Your output should be an exact copy of the records, with no pictures in it.

Task material: Begin

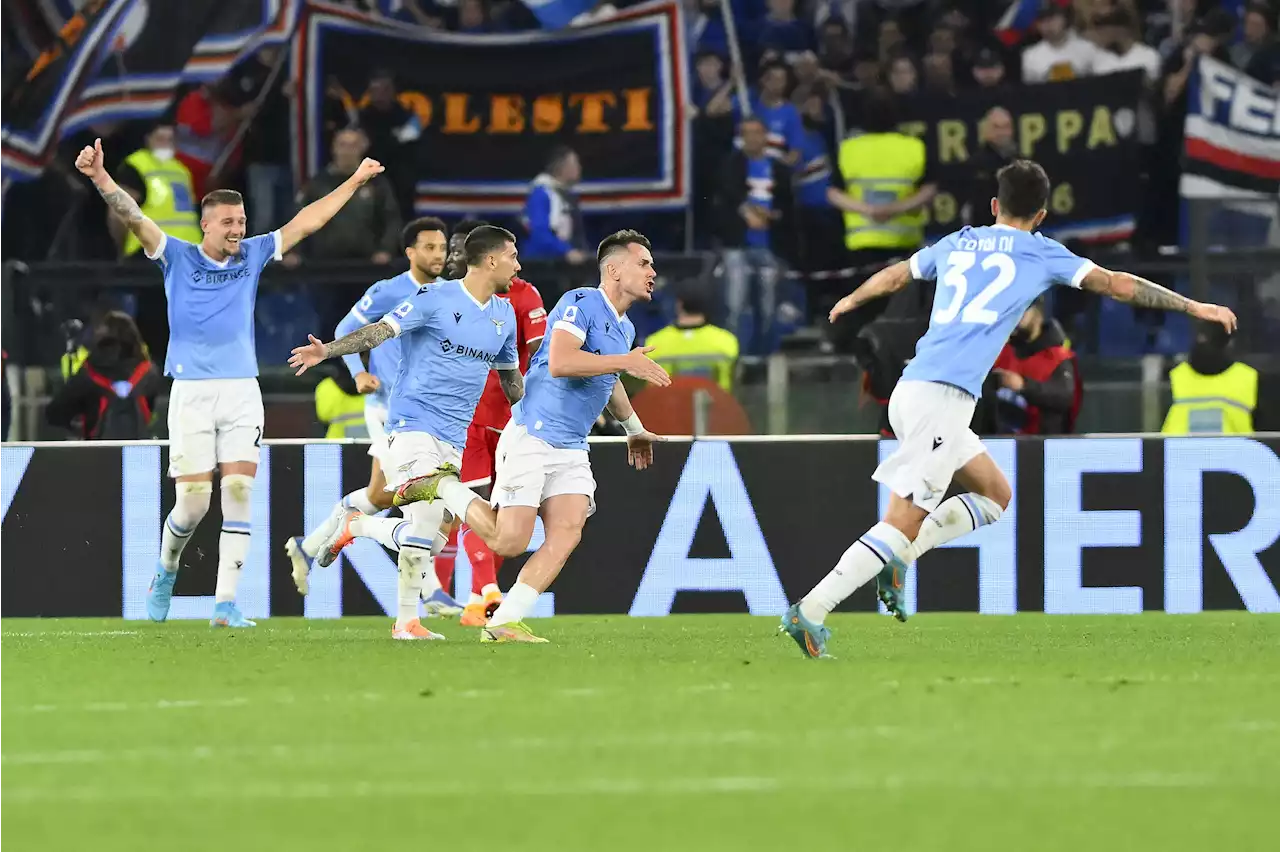 Lazio-Samp 2-0, gol di Patric e 'perla' di Luis Alberto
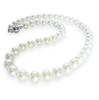 Pearl Necklace with Magnetic Clasp, 8mm Shell Pearls, 42cm Length, Formal Wear, Ceremony, Wedding, Graduation, Entrance Ceremony, Reception, Etc.,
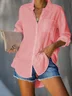 Casual Comfy Cotton-Blend Shirt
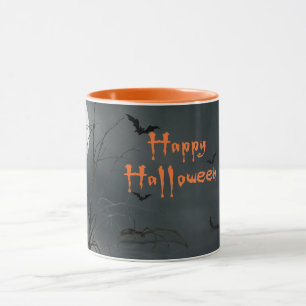 Joyeux Halloween chauves-souris Mug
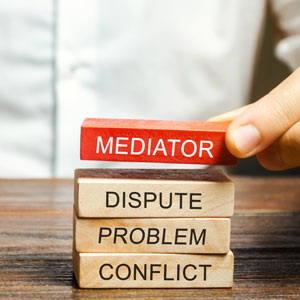 Mediation as a path to resolving contract disputes in California.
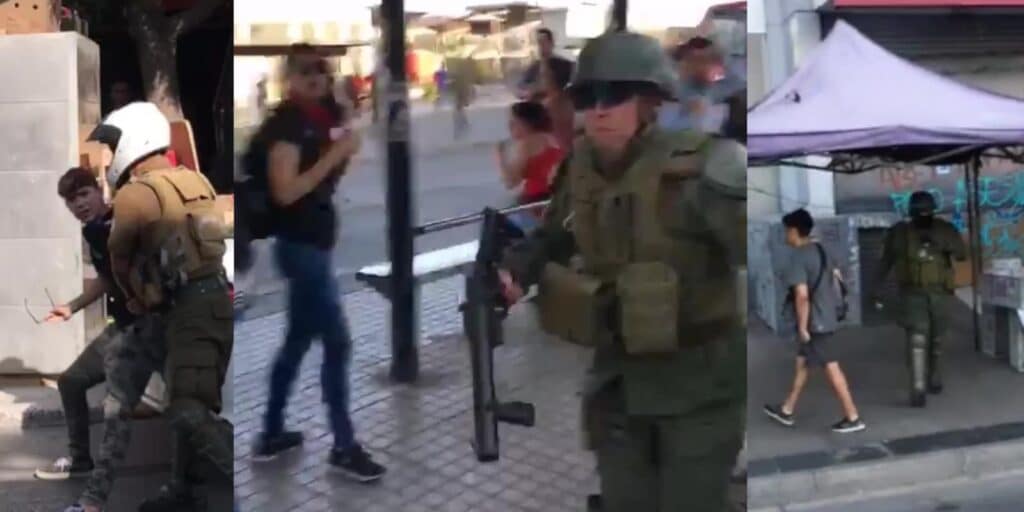 Carabinero llama «maraca» a estudiante: vuelven las lacrimógenas, las piedras y la violencia al centro de Maipú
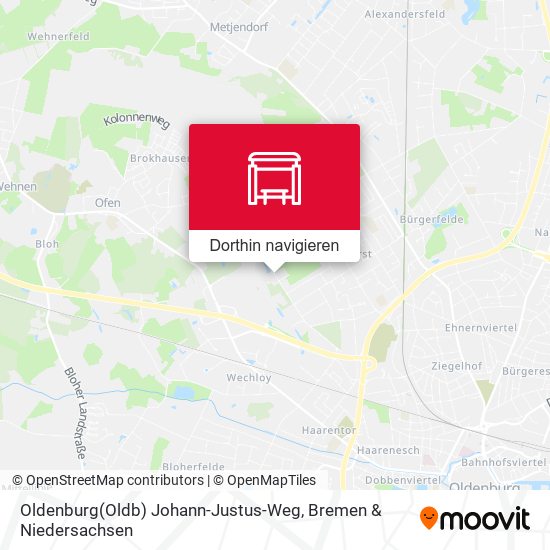Oldenburg(Oldb) Johann-Justus-Weg Karte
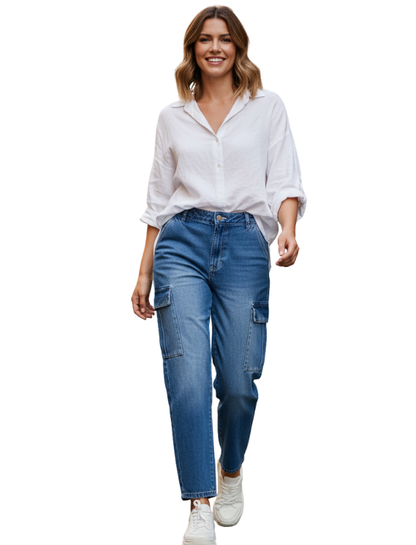 Široké rifle Sinsay vel. 38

Task material: End

- **Written solution**:
 Lazio-Samp 2-0, gol di Patric e 'perla' di Luis Alberto
 Pearl Necklace with Magnetic Clasp, 8mm Shell Pearls, 42cm Length, Formal Wear, Ceremony, Wedding, Graduation, Entrance Ceremony, Reception, Etc.,
 Casual Comfy Cotton-Blend Shirt
 Joyeux Halloween chauves-souris Mug
 Mediation as a path to resolving contract disputes in California.
 Carabinero llama «maraca» a estudiante: vuelven las lacrimógenas, las piedras y la violencia al centro de Maipú
Oldenburg(Oldb) Johann-Justus-Weg Karte
 Široké rifle Sinsay vel. 38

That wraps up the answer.